Introduction to the Event

A few days ago, I participated in a Capture the Flag event organized by the Foreningen for Danske Cyber Alumner (FDCA). FDCA stands for the Association of Danish Cyber Alumni, an organization created to contribute to the resilience of Denmark and the Danish Realm against cyber threats. Its goals include developing members’ knowledge, skills, and competencies in cyber and IT security, providing career advice, and facilitating exposure to companies. Additionally, it aims to maintain and promote camaraderie across repatriated Cyber Conscription teams.

The FDCA Christmas CTF took place online from December 1st to 24th at jul.fdca.dk, with daily tasks released at 08:00.

Each task was valued at 1000 points, with available hints costing 100 points each.

Prizes were awarded to the top three scorers and for the best write-ups.

I participated under the moniker loudartist and scored 22,500 points, which landed me in 9th place out of 232 participants.

My Motivation in Participating

I joined the CTF because I am constantly looking for ways to expand my skills in cybersecurity. I think CTFs are good tools to measure oneself, see what cybersecurity disciplines you are familiar with, and identify which ones need further exploration.

Plus, you meet new people online who are trying to solve the same problems as you, turning it into a friendly competition. We help and motivate each other.

Overview of Challenges

The challenges included OSINT, Forensics, Reverse Engineering, Cryptography, Web, and several miscellaneous categories.

The most memorable challenges I recall involved escaping from a restricted shell and finding a way to access a private vault in the second part of the challenge.

Another memorable challenge occurred on the 19th day, where OSINT skills were required to identify the location of a lake and the modern technology associated with it.
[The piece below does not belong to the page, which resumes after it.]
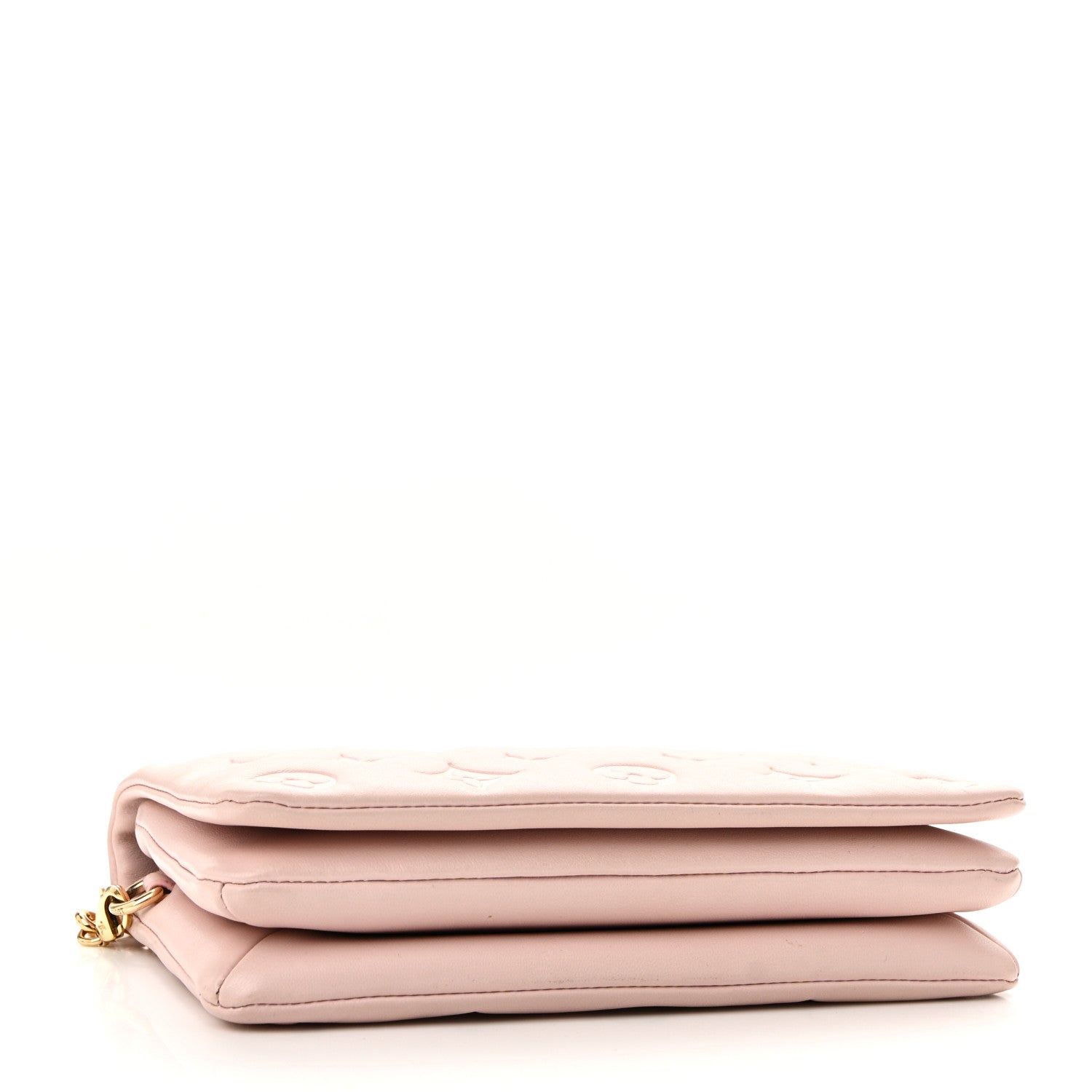 Louis Vuitton Lambskin Embossed Monogram Pochette Coussin Rose 4 of 9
It turns out that the Jelling stones, which contain ancient cryptography, are located there. They were raised by Harald Bluetooth in memory of his parents.

This challenge wasn’t the hardest, but as a history buff, I really appreciate how the digital connects with the physical. There is an actual place that you can drive by and visit. You not only learn cybersecurity skills but also get to know the surroundings better.

Tools and Techniques Used

The main tool used for the CTF was a physical Kali Linux machine. Although virtualization is a faster way to run things, I prefer using a dedicated machine for it.

For analyzing Microsoft Event Logs, I used Windows 11 OS. JetBrains’ dotPeek assisted with .NET assembly analysis, while Ghidra was helpful for general reverse engineering tasks. For cryptography tasks, I used a digital Swiss Army knife called CyberChef, made by GCHQ.

However, the most powerful tool available on the market is ChatGPT. If you know what you are looking for, it can guide you in a very focused and narrow way. When solving a challenge in a CTF, it’s easy to choose a wrong approach and waste a lot of time. ChatGPT helps to minimize this waste.

I used it extensively to bounce ideas around when the problem was difficult to solve. Sometimes it led me down the wrong path, but mostly, it has been an effective tool. I am also very impressed with how the output varies depending on whether you use advanced reasoning or not.

Isn’t it cheating, you might ask? I don’t think so. ChatGPT can’t just give you the answers to the problems you’re trying to solve. It’s more like a vehicle, and you are the main driver on this journey.

Team Dynamics and Collaboration

The event I am describing was a solo effort. However, in the first week, I found a few like-minded participants who helped me along the way. I think it’s a great idea to have a digital buddy with whom you can bounce ideas.

I would like to extend a digital thank you to Msonic and ToxDK, who helped me pivot away from dead ends and choose the right path in the complex maze of digital cybersecurity.

Conclusion and Future Plans

The event organized by the FDCA was a great way to try new challenges and improve my skills. It provided a quick method to validate what I know and identify areas that still need improvement. It inspired me to think about 2025 and lifelong learning in general. I am already working on a study curriculum for myself.

Additionally, I met several fellow cybersecurity enthusiasts who expressed a desire to participate in more CTFs in the future. As mentioned earlier, it’s beneficial to have a group of like-minded individuals who are willing to help and share their experiences.

Call to Action

I highly encourage you to try cybersecurity CTFs. They are a great way to meet fellow cybersecurity professionals and learn new skills. You don’t know what you don’t know, so it’s important to measure yourself and discover what kinds of challenges are out there.

If you prefer a lighter approach, open an account on the TryHackMe platform and join some CTF rooms. The last time I checked, there were a few fun ones like the Mr. Robot and Pickle Rick CTFs.